Daniel Vivian: 2025-26 University Research Professor Q&A

Daniel Vivian, Ph.D., associate professor in the Department of Historic Preservation in the University of Kentucky College of Design, has been honored as a 2025-26 University Research Professor.
Vivian’s research explores historical memory of slavery during Jim Crow. He is the author of “A New Plantation World: Sporting Estates in the South Carolina Lowcountry, 1900-1940” (2018) and has published in Winterthur Portfolio, The Public Historian, Ohio Valley History and The South Carolina Historical Magazine. He is co-editing a collection on modern architecture in the South and is writing about the underrepresentation of marginalized groups in the National Register of Historic Places.
His research has been funded by the National Endowment for the Humanities, the UK Sustainability Challenge Grant Program, the Hagley Museum and Library and the Maryland Historical Society. He currently serves on the boards of the Southeast Chapter of the Society of Architectural Historians and the Blue Grass Trust for Historic Preservation and he is a member of the African American History Advisory Committee at Ashland, The Henry Clay Estate.
Vivian joined UK in 2017 and is also a faculty affiliate of the Department of History and the African American and Africana Studies Program of the UK College of Arts and Sciences.
He spoke with UKNow about his latest honor as a University Research Professor in this Q&A.
UKNow: What does it mean to you to be recognized as a University Research Professor?
Vivian: It’s a great honor.

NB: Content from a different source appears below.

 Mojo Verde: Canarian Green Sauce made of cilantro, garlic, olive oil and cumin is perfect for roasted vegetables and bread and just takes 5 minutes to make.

I have worked hard to stay productive as a scholar, and it is gratifying to be recognized for that work. I am heartened and very pleased.
UKNow: How will the professorships program advance your research?

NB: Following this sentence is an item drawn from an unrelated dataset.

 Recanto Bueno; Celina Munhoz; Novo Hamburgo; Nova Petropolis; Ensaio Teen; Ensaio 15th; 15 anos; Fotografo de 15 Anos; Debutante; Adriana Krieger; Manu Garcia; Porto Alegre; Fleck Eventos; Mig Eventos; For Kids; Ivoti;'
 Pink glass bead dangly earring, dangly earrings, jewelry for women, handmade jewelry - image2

Vivian: The professorship will allow me to travel to archives in South Carolina and New York City. I will spend two weeks at the South Carolina Historical Society in Charleston to study the papers of Gertrude and Sidney Legendre, wealthy members of the “winter colony” who established large sporting estates in coastal South Carolina during the first half of the 20th century.
I plan to publish an edited, annotated version of Sidney Legendre’s diary from the late 1930s and early 1940s, the most detailed account I’ve found of life on a sporting plantation. It offers insight into what the Legendres and other winter colonists did during their stays in the region, their relations with local people and how they saw the region’s past. They recognized slavery and its legacy as a lasting presence in the landscape and in society and commented extensively on both.
In New York City, I will research the records of Taliesin Associated Architects (TAA) at Columbia University. Formed by Frank Lloyd Wright’s apprentices after his death in 1959, TAA continued his practice. Though often dismissed for reusing Wright’s designs, I believe their work deserves more attention.
UKNow: What inspired your focus on this area of research?
Vivian: I’ve long been interested in how slavery was remembered during Jim Crow, especially as an embodied presence in the southern landscape — how people saw, treated and sometimes memorialized its physical remains. While much has been written about Confederate monuments and select tourist sites, the broader picture is less known. My interest in the Legendres stems from this work, especially my first book, “A New Plantation World,” which examined how wealthy northerners transformed former plantations into winter retreats and shaped memory of slavery in the region.
My interest in TAA grew out of pure curiosity. Their first major commission, the Lincoln Income Life Insurance Building in Louisville, caught my attention soon after I moved to Kentucky in 2010. Though often labeled a “Wright design,” its story is more complex. I have an essay on the building coming out soon and want to ask similar questions about other early TAA projects to better understand how the firm interpreted and extended Wright’s legacy.
UKNow: How does your research impact Kentucky?
Vivian: Research keeps my teaching fresh by prompting new questions and perspectives. It deepens my thinking and helps me better engage students, regardless of the outcome.
Since I am in the Department of Historic Preservation, my scholarship tends to have some sort of public dimension. While I certainly write for other scholars, I think a lot about how to share my research and knowledge with the public. My colleagues and I do a lot of work to make history meaningful for Kentucky communities. I serve on the board of the Blue Grass Trust for Historic Preservation, for example, and one of the projects I’m most proud of is the interpretive panels I helped write for Huntertown Community Interpretive Park in Versailles. Huntertown was a rural African American community that formed in the early 1870s and survived until the early 2000s. Flooding made the site uninhabitable, so citizens and Woodford County officials decided to turn it into a municipal park. I worked with a local historian, Sioux Finney, to create interpretive displays that tell the story of Huntertown.
About the University Research Professors
Each year, the University of Kentucky Board of Trustees approves a cohort of faculty as University Research Professors. The distinction recognizes excellence in work that addresses scientific, social, cultural and economic challenges in Kentucky and the world. College leadership developed criteria for excellence within their area of expertise and then nominated faculty who excelled at these criteria. Each University Research Professor receives a one-year award of $10,000.